We will be visualizing a dataset of more than 30000 Spotify music tracks. The release year of the song ranges from 1960 to 2020. Each song has 23 associated variables that describe its identity (track_id, track_name, track_artist, track_album_id, track_album_name, and track_album_release_date), the popularity (track_popularity), the genre of the song (playlist_name, playlist_genre, playlist_subgenre), and audio features of the song (such as danceability, energy, key, loudness, speechiness, etc.)

Research questions you are exploring

Research questions:

  • What are the top 5 trending genres?
  • What is the correlation between music features(loudness, danceability) and popularity?
  • what is the song recommendation system given genres and popularity range?

Scenario of usage:

Lucy enjoys listening to music and she is particularly intruiged by how much music-streaming has developed over the years. She has her own favorite genres and is also open to explore more new genres. However, she is unsure about how her current likings of genres correlate with her likings of new genres which she hasn't explored before. As the music streaming platform advances, she observes that there are usually customized recommendations, therefore she is curious as to how the music streaming platforms may or may not accurately recommend her likings. Moreover, as a young women with taste in genres that favors danceability and energy, she is also curious about whether these music features are correlated with the popularity of the songs she liked.

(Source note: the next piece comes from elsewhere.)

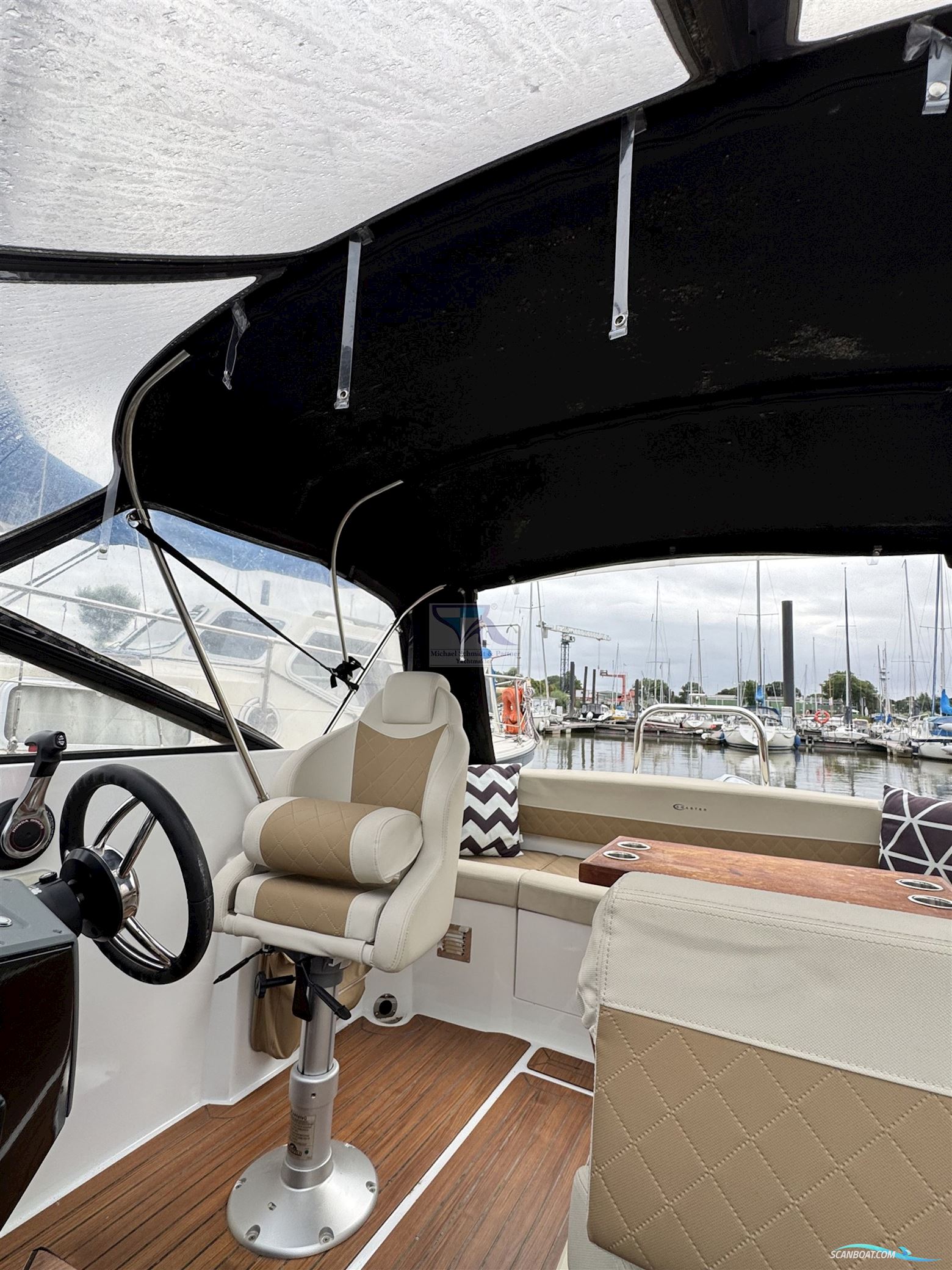 Corsiva Yachting Coaster 600 DC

Puzzling about these questions, she is interested in an app that offers insights that can solve her puzzling thoughts. When she uses "music explorer", not only can she identify the list of genres trending now, she can also see the correlation and disassociation visually summarized in graphs and tables. This can help her better understand whether or not a music-streaming app is accurate in their customized recommendations. Moreover, she can also discover popular songs of genre interests, and confirm her question about certain music features in her likeings of genres.